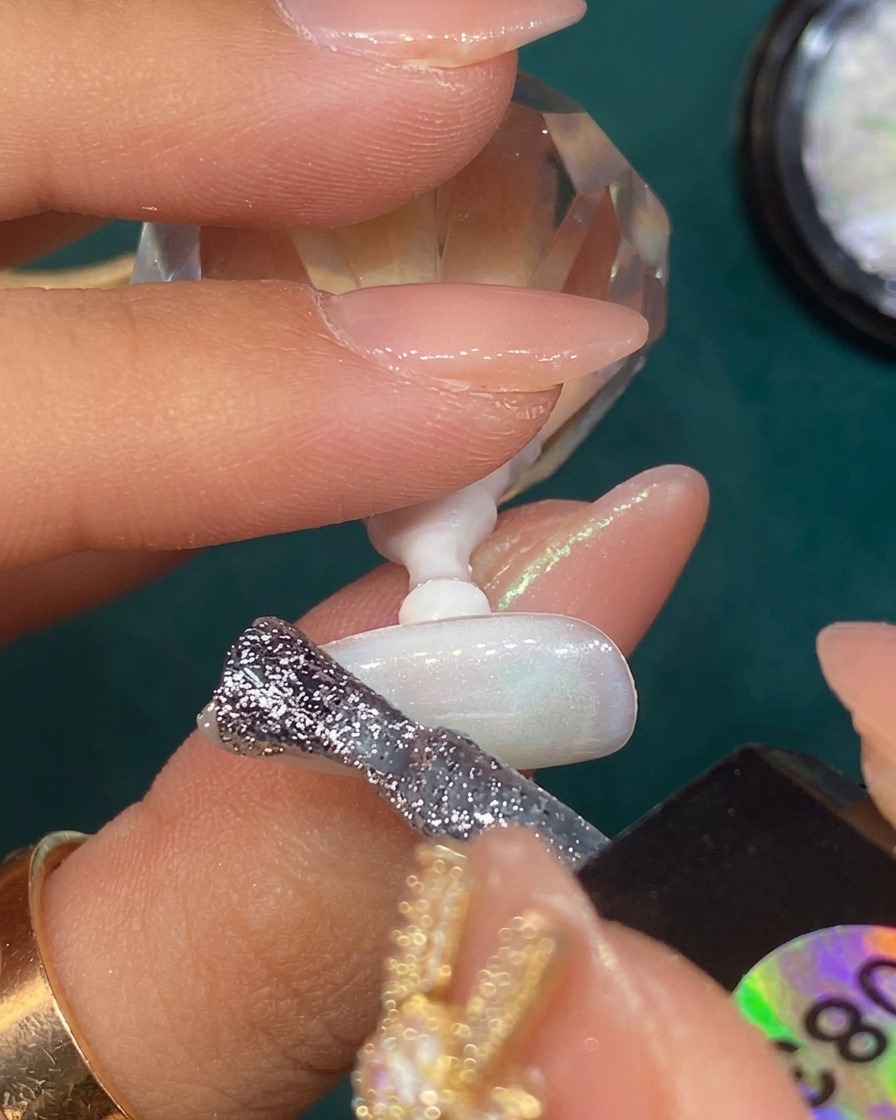 Du gel à paillettes argentées est estompé en dégradé sur le bout dun ongle blanc translucide.
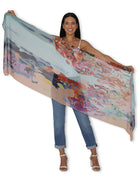 City of Masquerades scarf by Jennifer Gabbay, featuring vibrant, intricate designs inspired by Venice's Carnevale di Venezia, capturing the beauty of masks and costumes against the backdrop of canals.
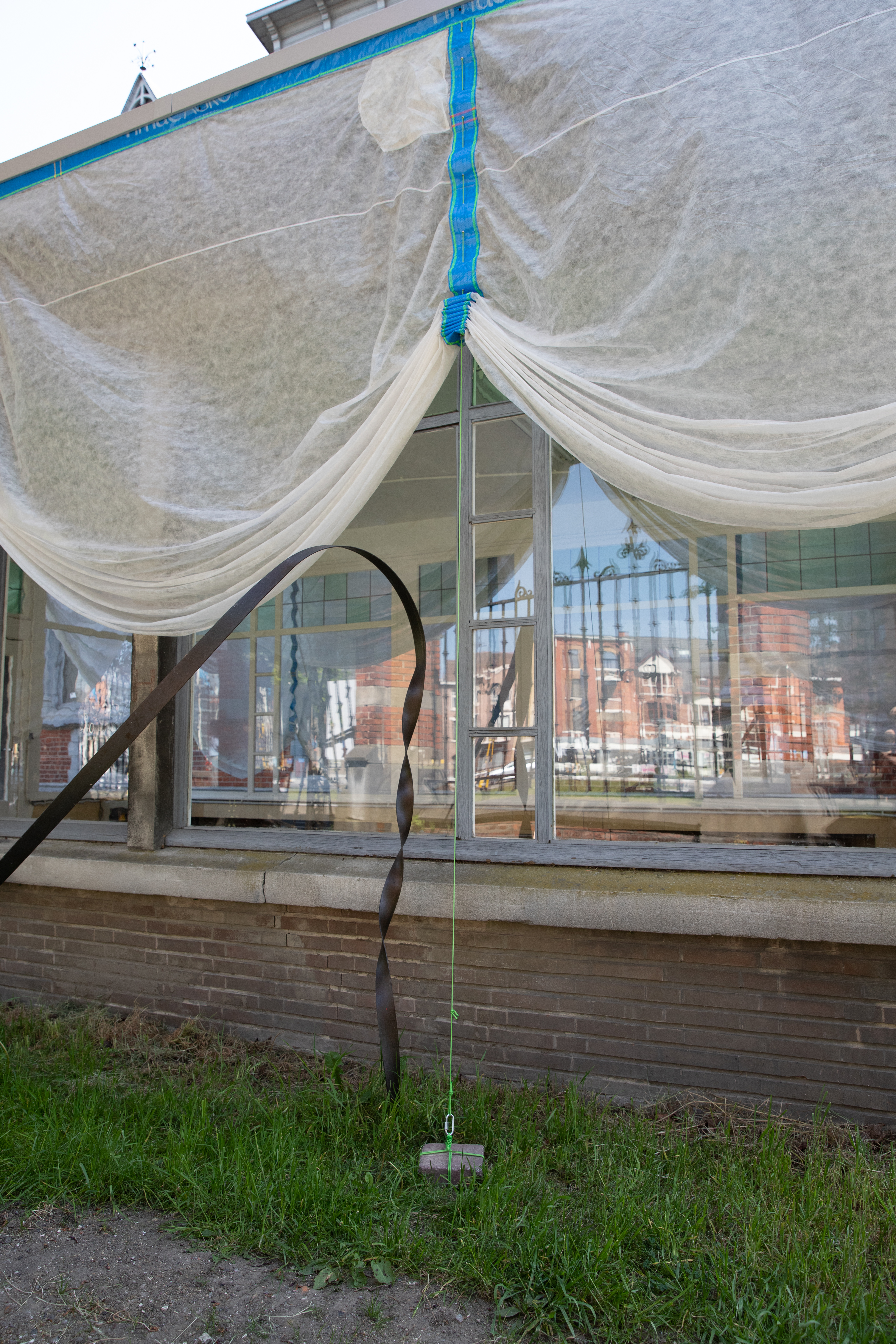 "Underbelly" view of the collective exhibition. Frost protection fabric, plastic seeds bags, and bricks found on site. 
© Frederik Aerts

————

▶ Task objective: Restate every line of the data above word for word, with the images removed.

▶ Written answer:
 Du gel à paillettes argentées est estompé en dégradé sur le bout dun ongle blanc translucide.
 City of Masquerades scarf by Jennifer Gabbay, featuring vibrant, intricate designs inspired by Venice's Carnevale di Venezia, capturing the beauty of masks and costumes against the backdrop of canals.
 "Underbelly" view of the collective exhibition. Frost protection fabric, plastic seeds bags, and bricks found on site. 
© Frederik Aerts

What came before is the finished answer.